Online notary services (remote online notarization–RON) are in demand as the world is getting used to remote transactions. It’s an opportunity for licensed notaries to expand their business through remote technology while also providing an accessible way for people to obtain notary services who can’t physically go out for personal reasons. Video conferencing systems are making it possible for notaries to conduct their business through remote technology. Having access to an online notary seems to be the way of the future since so many industries are moving their work, or at least offering remote options, completely online. Additionally, these industries, both professional and personal, need access to an online notary service in order to get their documents authenticated and verified.
Now is the time for licensed notaries to consider remote opportunities. The demand for online options will only increase as time goes on, and for many reasons, providing an online notary service is easy, quick, and accessible. But before you go on to start your remote online notarization services, you have to do research on what is legal and allowed. Unfortunately, not all states allow remote online notarization services and it’s important to know if you can legally expand your notary business online. But beyond that, there are a few things you should know about getting started as an online notary.
Here, you will find out about five things you need to know before starting your remote online notarization journey.
1. Find out if RON is legal in your state
As mentioned, not all states allow remote online notarization. Before you get started as an online notary, make sure that you check if your state even allows RON and if it is legal, find out if there are any restrictions or specific guidelines for the specific state that you are practicing in.
As of now, these 41 states allow permanent remote online notarization: Alaska, Arizona, Arkansas, Colorado, Florida, Hawaii, Idaho, Illinois, Indiana, Iowa, Kansas, Kentucky, Louisiana, Maryland, Michigan, Minnesota, Missouri, Montana, Nebraska, Nevada, New Hampshire, New Jersey, New Mexico, New York, North Carolina, North Dakota, Ohio, Oklahoma, Oregon, Pennsylvania, South Carolina, South Dakota, Tennessee, Texas, Utah, Vermont, Virginia, Washington, West Virginia, Wisconsin, Wyoming.
Five states do not allow remote online notarization at all: Connecticut, California, Delaware, the District of Columbia, and Massachusetts.
Five states allow a temporary online notarization: Alabama, Georgia, Maine, Mississippi, and Rhode Island.
2. Apply and register to perform virtual notarizations
After finding out if your state allows remote online notarizations, you have to apply and register in order to begin performing virtual notarizations in your state.

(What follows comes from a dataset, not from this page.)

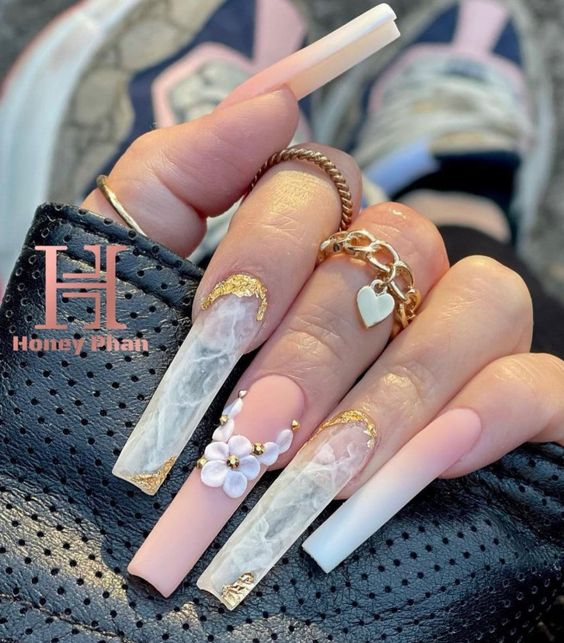 White smokey marble nail art on super long square acrylic nails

Most applications will have an application fee so plan accordingly and prepare for any ancillary steps specific to registering in your state. Again, each state has specific guidelines for you to follow, so make sure you do your research and complete any necessary steps to begin performing virtual notarizations; you do not want to leave any mistakes and complete every step accordingly.
3. Complete RON-specific training
Like with a regular notary license, you will have to complete RON-specific training and courses before meeting the guidelines to perform online notarizations. The knowledge and practice behind performing online notarizations stay the same but when working online, there are a few extra steps that are probably needed. For example, you might have to complete a course on online protection and security. Technology has its advancements and benefits but there are setbacks such as ensuring important information and documents stay secure. Complete the training as needed by your state to ensure that you are well-equipped to provide remote online notarizations.
4. Make sure you have a surety bond to cover RONs
Notaries know that in order to provide notary services in general you need to have extra security such as a surety bond or E&O insurance to cover the notarization process. Having a bond or E&O insurance not only protects you in the case of errors but also the people you perform notaries for. You want to do the extra research behind surety bonds and E&O insurance that also covers remote online notarizations as well in order to protect your practice and clients.
5. Have the tools and technology to complete your services
Being an online notary service means having the tools and technology that you need in order to complete your services. Make sure that you have a stable internet service in addition to devices that you will need to perform online notarizations. Additionally, having a video conferencing system that supports your business will elevate your experience and allow you to provide excellent services. ProVideoMeeting has unique video conferencing tools such as Instasign for you to verify signatures and identities, allowing you to provide quality notarization services.
Providing online notary services means stepping into the future. People are now searching for services that are fast and accessible while maintaining their quality. Before getting started with remote online notarization, it’s always best to do your research specific to your state in order to provide quality services.